The Two Noble Kinsmen
Act I

Prologue

The Prologue seems very un-Shakespearean. A conceit connecting “New plays and maidenheads” (Pro.1f) is followed by a source citing — Chaucer (Pro.13) — and a lot of faux-humble fretting that the play will encheesify his admirable work. But Shakespeare never otherwise mentions Chaucer, even where one would expect something (Richard II), despite being more subtly influenced by “the father of English poetry” than has yet been sufficiently recognized. Only in Pericles, with another possibly spurious prologue is a source acknowleged (Asimov, I 183).

You shall hear
Scenes, though below his art, may yet appear
Worth two hours’ travail. To his bones sweet sleep!

Some would like to think that the reference to “Our losses” (Pro.32) is an allusion to the burning of the Globe in June 1613 (Wells 382, cf. Gilvary 447). An Oxfordian perspective on “Our losses” concerns the lost 1566 play Palamon and Arcite. “Disaster struck shortly before the Oxford University performance: a staircase in the building where the performance was being held had collapsed, killing three people and injuring several more. The show still went on” and would have required a momentary acknowledgement of the disaster (Chiljan 63).

The Prologue is “jaunty, bawdy, and colloquial” (Garber 890). But,

one cannot help wondering if this sort of thing isn’t a sign of a certain insecurity on the part of the playwright. Uncertain as to the worth of the play, does he call on the name of a revered ancient as a shield against criticism? (Asimov, I 53)

Maybe Fletcher (or whoever finished this play) does….

ACT I

SCENE i

The first Act is considered Shakespeare’s, while most of the subsequent three acts are considered Fletcher’s (Asimov 61). After a lot of formal pageantry signifying a wedding, we listen to a boy sing a song about flowers and birds. The first line, “Roses, their sharp spines being gone” (I.i.1), must allude to Queen Elizabeth’s poesy: “Rosa sine spina” (Rose without thorns). The “Daisies” (I.i.5), like Twelfth Night‘s violets and key flowers in Midsummer Night’s Dream, are “forget-me-nots.” The second stanza begins with “Primrose, first-born child of Ver” (I.i.7), Ver being an obsolete term for Spring (Asimov, I 56). But, I mean! If “her bells” (I.i.9) are harebells as editor Skeat suggested, then they signify submission. Next come “Oxlips” (I.i.10), “Marigolds” (I.i.11)) for grief, and “Larks’-heels” (I.i.12). Flowers are strewn before a stanza-plus concerning birds. The reference to “bridehouse” (I.i.22) resurrects a handy medieval instance of metathesis of the ‘r’. (The letter can shift before or after the vowel. Hence, birds and brides, Kirsten and Kristen being the same name, etc.)

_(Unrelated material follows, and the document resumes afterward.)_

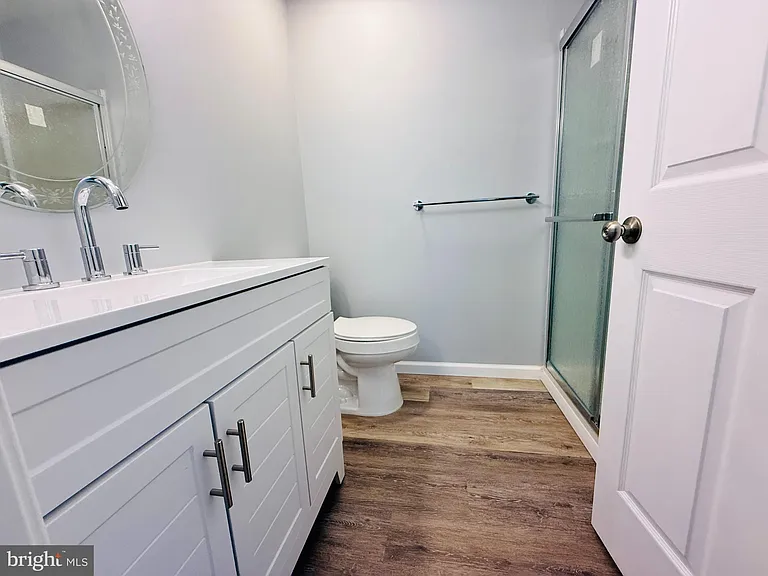 1008 Lindsey Ct — Photo 14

Three veiled queens in black interrupt the proceedings at Athens by falling at the feet of Theseus (titled “Duke” here as in A Midsummer Night’s Dream and indeed Chaucer), his bride Hippolyta, and her sister Emilia — this last “a character who does not belong to classical myth at all, but to medieval fiction. She is to be the heroine of this play, the puppet about whom will circle the mummery of courtly love” (Asimov, I 56). They have a request to make of Theseus, and “This good deed / Shall raze you out o’ th’ book of trespasses / All you are set down there” (I.i.32-34). Their dead husbands are the victims of “The wrath of cruel Creon” (I.i.40), king of Thebes. Sound familiar? From the Greek play The Seven Against Thebes the queens have been reduced to three (Asimov, I 57).

The Queens’ supplicating laments are ritualistic, essentially baroque in their elaborations. The luxuriance, not so much of grief, but of outrage dominates. Outrageousness is the rhetorical tonality of Shakespeare’s final mode, where most voices carry the burden of having been outraged: by injustice, by time, by eros, by death. (Bloom 699)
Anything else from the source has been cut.